Die erste Stunde von über vier mit einer Pause ist eher mühsam. Wer ist da jetzt wer? Und warum wirkt alles wie abgehackt? Aber allmählich erschließen sich ein paar Ideen, etwa jene, die Zeit und die Identitäten aufzuheben. Der greise Kaiser Franz Joseph verwechselt immer wieder, welchen der Trottas er vor sich hat. Manöver, Truppeninspizierungen, Ehrungen, dieser Mann ist zu Hause im Militär, dort fühlt er sich sicher, er liebt es, wenn er denn zum Lieben imstande ist, den Krieg aber hasst er. Johann Adam Oest trägt türkisen Helmbusch, ein Franz Joseph, der unter seinen borstigen Brauen mit runden Augen in eine Welt blickt, die er nicht mehr versteht und die ihn nicht mehr versteht. Das ist auch ein Klischee, immerhin aber rückt diese Gestaltung ab von Roths Monarchiesentimentalität.

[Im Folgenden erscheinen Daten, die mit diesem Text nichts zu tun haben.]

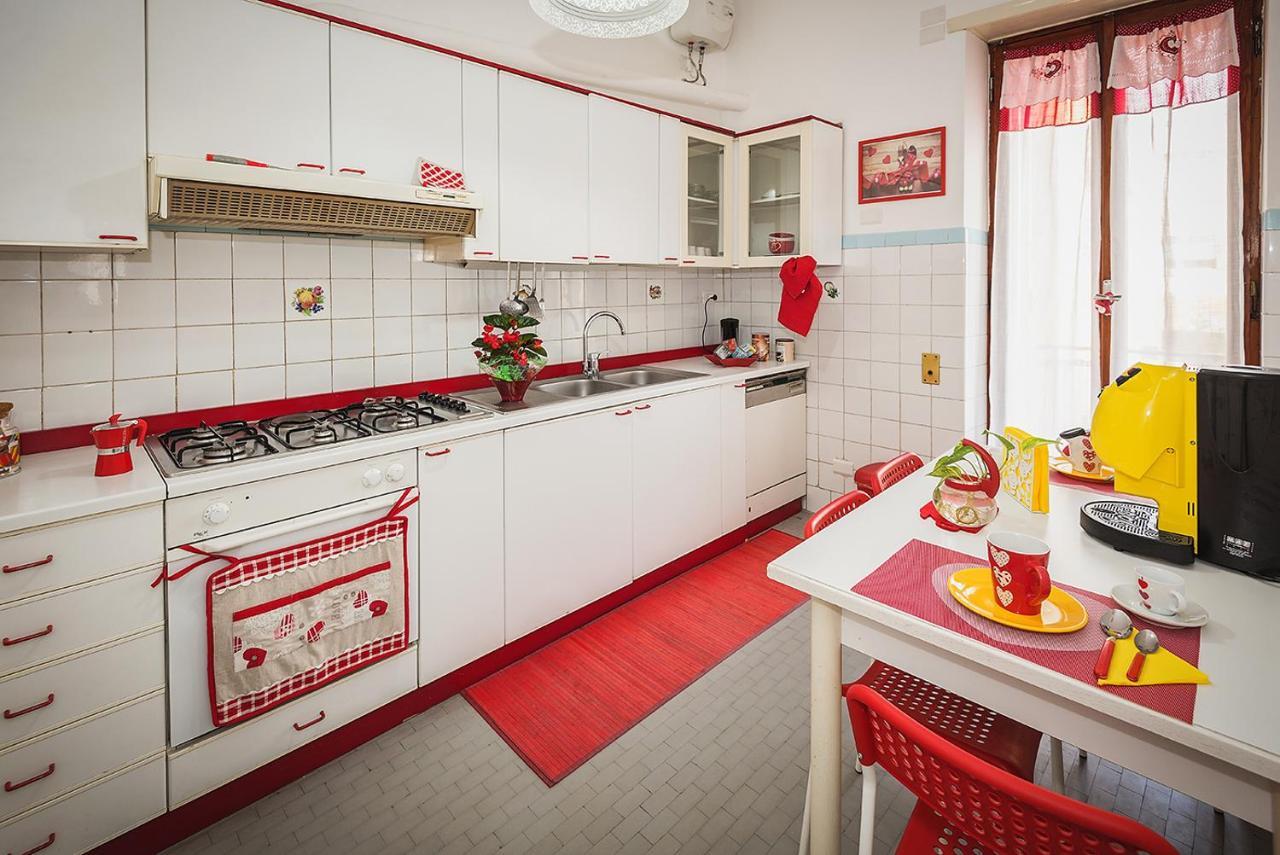 Bed and Breakfast Casa Rosetta Сорренто Экстерьер фото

Impro-Kunststücke im Stadttheater
Roth, dieser Flammengeist aus Brody – einer Grenzstadt wie jene, in der Carl Joseph verkommt – konnte den Ungeist und die nach dem Ersten Weltkrieg erst recht um sich greifende Brutalität nur mit Entsetzen beobachten. Die gute alte Zeit, die Roth immer wieder beschwört, hat es freilich nie gegeben.
Letztlich gewinnt diesen Abend erneut das souveräne Ensemble, fast nur Herren. Falk Rockstroh rührt und begeistert als Bezirkshauptmann voll Strenge, Ratlosigkeit, schlussendlich gebrochen. Philipp Hauß tut als sein Sohn Carl Joseph, was er am besten beherrscht, er zeigt den nachdenklichen, widerspenstigen Mann, der sich die Definition des Wortes Subordination einfach nicht merken kann. Oest, der außer dem Kaiser noch den schmierigen Maler Moser spielt, Rockstroh und Hauß präsentieren immer wieder auch technisch verblüffende Kunststücke, die aus der Improvisation stammen. Ihretwegen könnte man die Aufführung glatt noch einmal ansehen. Impro- und Stadttheater gehen nie zusammen? Stimmt nicht! Großartig ist auch Steven Scharf als Regimentsarzt Demant und als Großgrundbesitzer Chojnicki, ein charismatischer Dämon.
Roths so märchenhaft stimmige Figuren stehen hier in ihren Identitäten wie in heruntergelassenen Hosen. Nur die Angst zu stürzen hindert sie an der Flucht aus ihren Uniformen, aus denen sie sich zuweilen wie in einem Entfesselungsakt befreien und dastehen in weißen Overalls, fast jeder ein heimlicher Anstaltsbewohner. Als grotesker Befreiungsakt ist auch diese Aufführung angelegt. Nicht schlecht. Vielleicht weist dieser Ansatz sogar einen neuen Weg zur Beschäftigung mit dem viel geliebten Joseph Roth.